Allez ! En route ! Chouchoutez votre esprit, comblez votre mémoire, sans faire de jaloux, enrichissez-vous !
Le Cahier d'histoire du monde
L’Histoire du monde en un cahier ! Quelle ambition démesurée ! Certes, mais sans ambition, sans démesure, on ne voit, du monde, qu’un abrégé ; on ne sait qui vécut ici où là ; et pourquoi s’élèvent ces colonnes au sommet des collines, pourquoi la mer à Marathon dans le couchant se teinte encore aujourd’hui de perles pourpres, comme une pluie ; on ignore que tous nos chemins viennent de Rome, que nos destins ont pris la mer – qui étions-nous, ou qui étaient nos pères ? pirates ou corsaires ? riches marchands des océans ? ou trafiquants ?...
On peut s’imaginer le fusil en bataille, criant « Chargez ! », le corps tremblant comme un tambour, et dans la tête les trompettes de la renommée, et puis tomber, tomber en terre où l’ombre d’un bicorne ramène à leurs justes frontières les conquêtes passées. On peut émigrer chez l’oncle Sam, aller plus loin et trouver l’or, le vrai trésor, dans la pensée de Confucius… Douleur, le cœur se déchire dans l’incessant roulis du bateau qui conduit sans colère vers la terre étrangère l’entravé pour toujours. Qui est-on ? L’acheteur ? L’acheté ? L’Histoire du monde n’est que l’Histoire de soi, en différé. On est tout à la fois dans les mêmes tranchées et dans la même peur. Deviendra-t-on plus sage ? Peut-être… L’Europe réconciliée écrit ses pages, prudente, soucieuse de sa mémoire, car l’ignorance du passé rend l’avenir aveugle.
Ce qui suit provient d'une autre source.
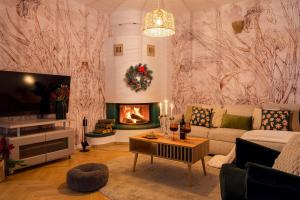 Warm & cosy 2-store 3-BR House with fireplace, living room, garden, terrace, balcony & parking 30 minutes from Warsaw Centre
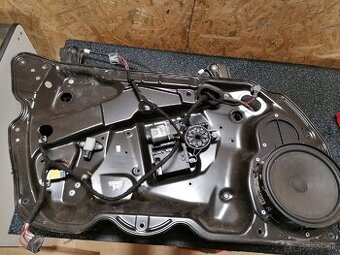 Passat b7 sťahovačka okna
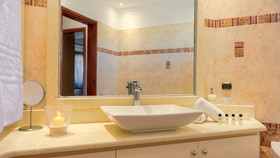 Akrotiri Apartments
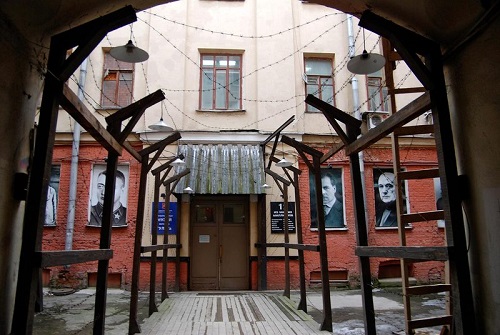 Молодые коммунисты «повесили» Солженицына у Музея истории ГУЛАГа
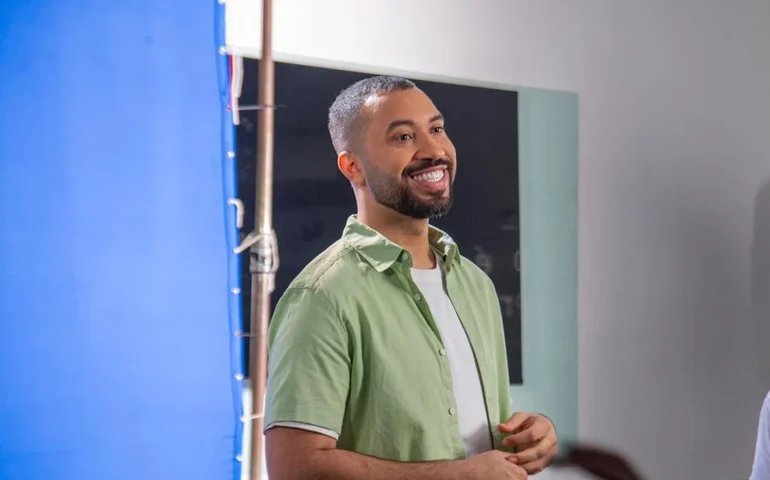 Quais os globais citados na planilha dos influenciadores e o que falam sobre eles?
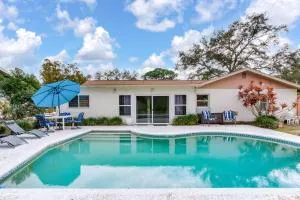 Villa Lux with pool in Palm Harbor - ديوندين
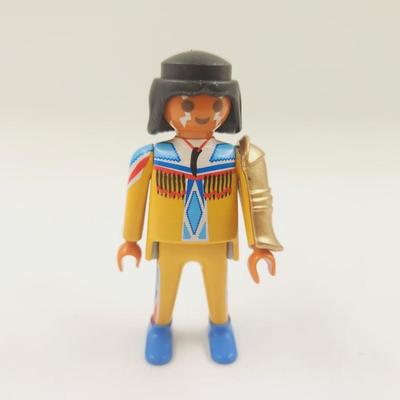 1993 PLAYMOBIL NATIVE AMERICAN FIGURINE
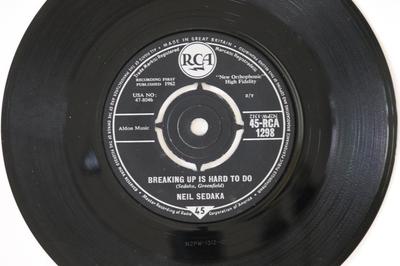 7inch Record NEIL SEDAKA - Breaking Up Is Hard To Do / As Long 45RCA1298 RCA 1962 UK Rock Used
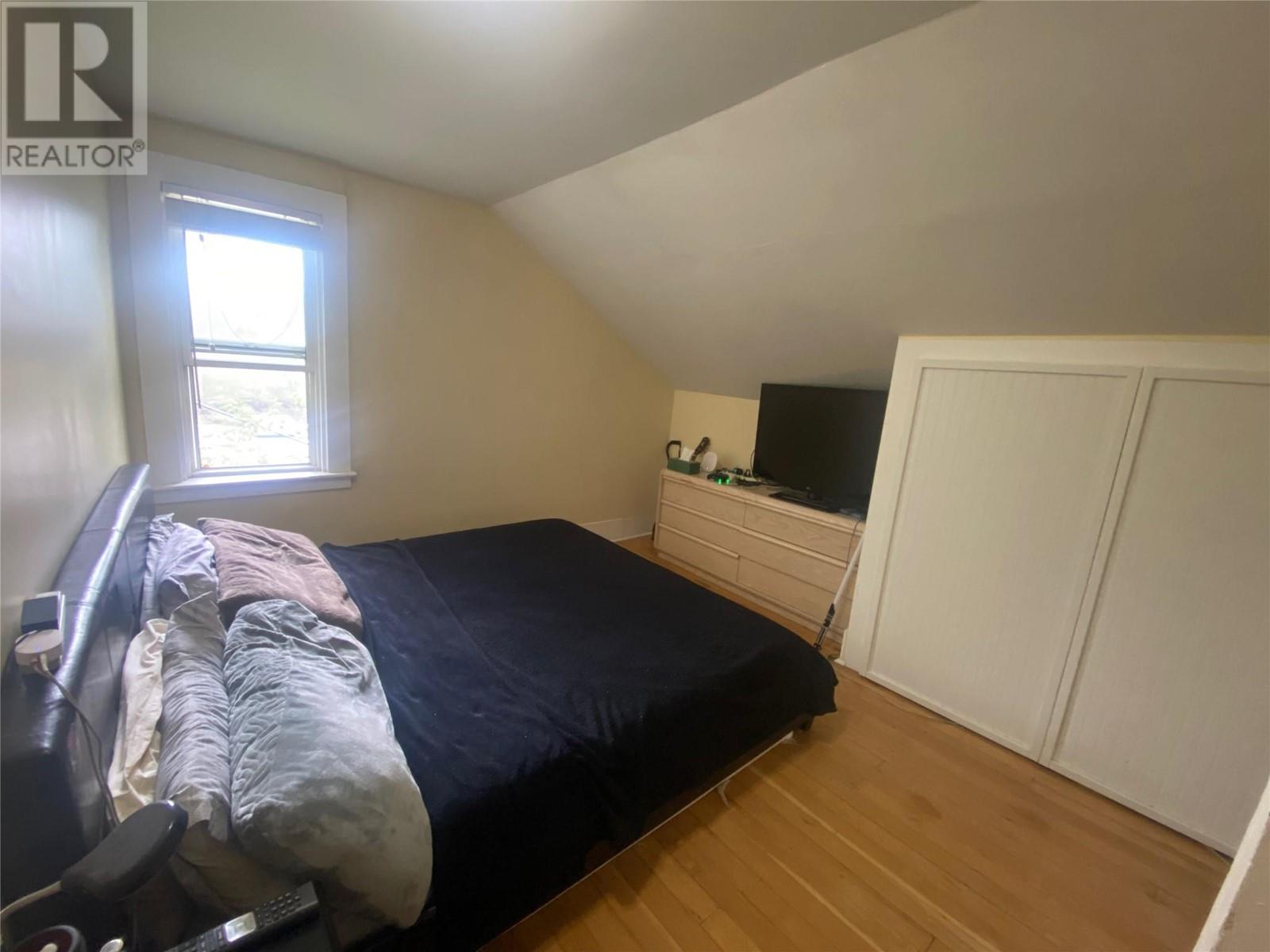 1205 Green Avenue, Trail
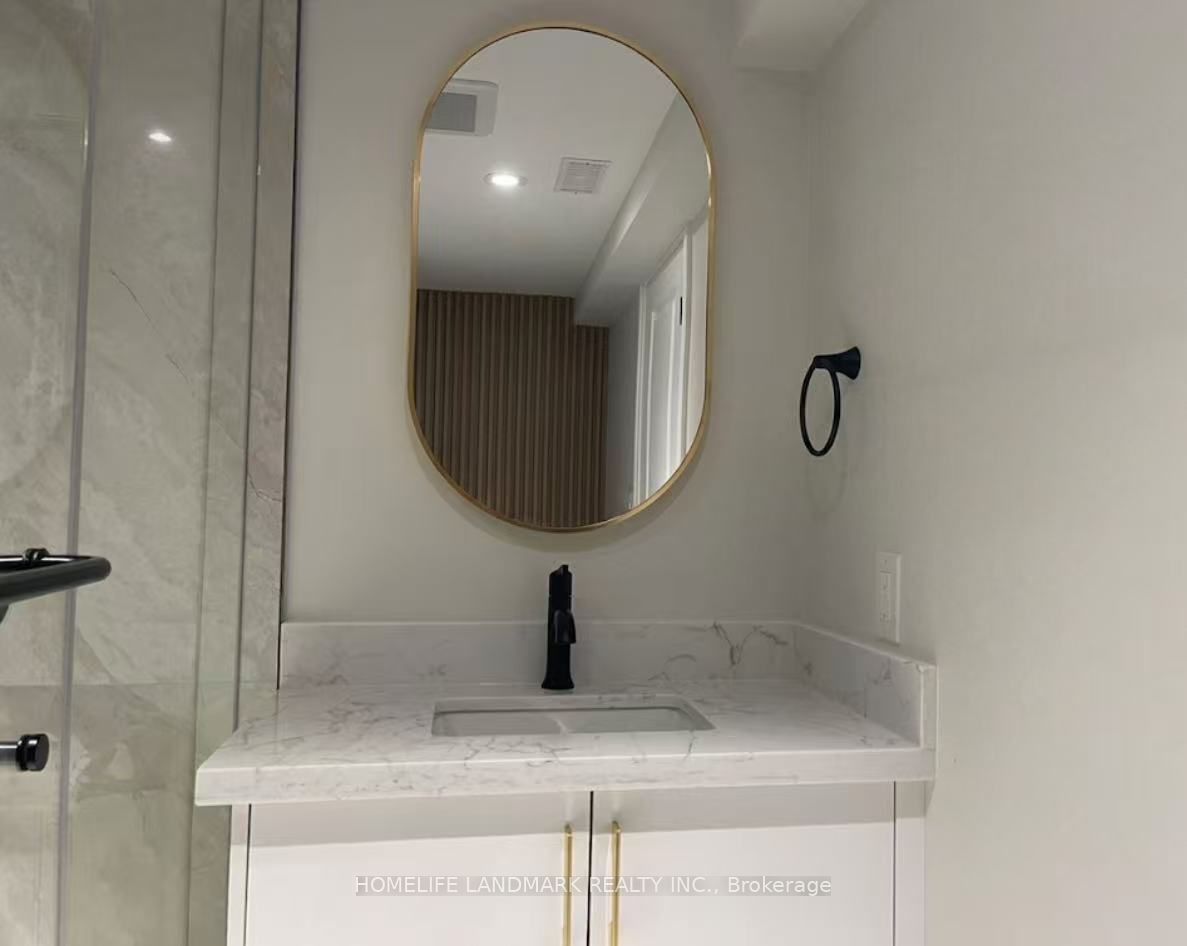 17 Rosemeade Avenue Unit 3, Toronto, ON M8Y 3A2 photo 3
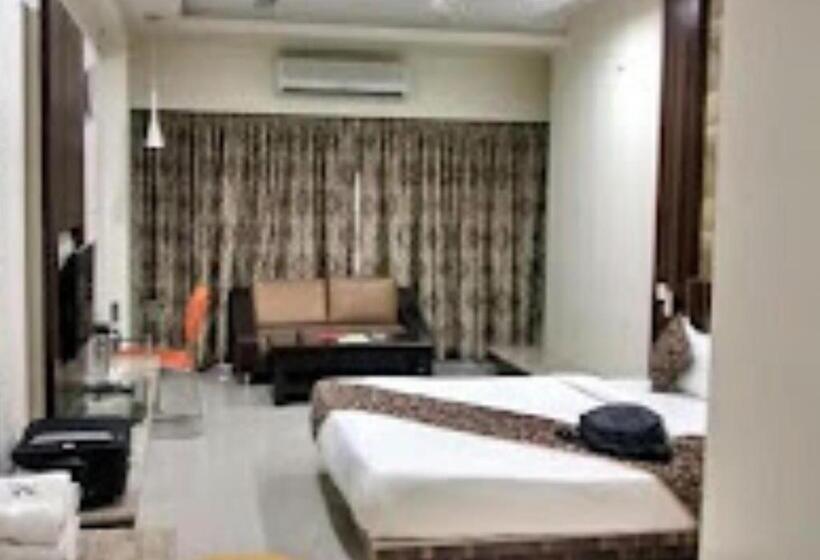 豪华房间, New Regal Palace Jalgaon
L’Histoire du monde en un cahier, ce sont mille départs vers les amonts du présent, mille occasions d’aller plus loin dans la grande arborescence de ce qui donne son sens à l’instant que l’on vit, l’instant précis où vous lisez, par exemple, les derniers mots de cette introduction, gagné par la certitude que dans tout ce qui suit, c’est de vous qu’il s’agit…
Partez, dans la seconde, à la conquête du monde !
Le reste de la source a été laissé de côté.